• **TASK BRIEF**
Please write out only the lines from the line with "rješenje br. 18-UPI-037/25-26552/6" to the line with "dongfeng 4x2 ranger", inclusive, exactly as they stand below, without the pictures.

• **THE DATA**
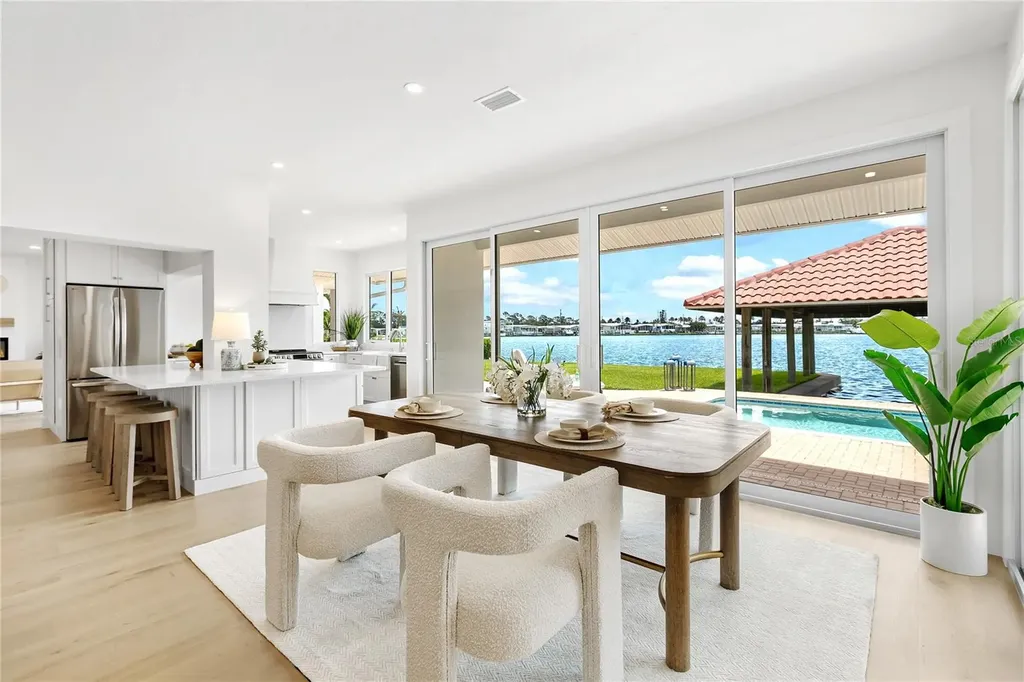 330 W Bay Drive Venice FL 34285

---

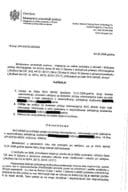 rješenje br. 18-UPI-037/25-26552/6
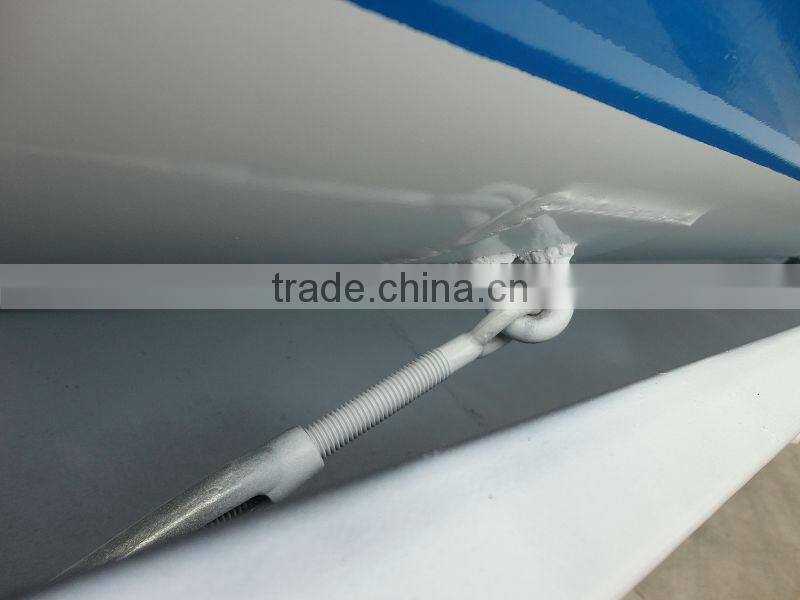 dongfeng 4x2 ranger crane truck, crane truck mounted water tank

• **COMPLETED EXERCISE**
 rješenje br. 18-UPI-037/25-26552/6
 dongfeng 4x2 ranger crane truck, crane truck mounted water tank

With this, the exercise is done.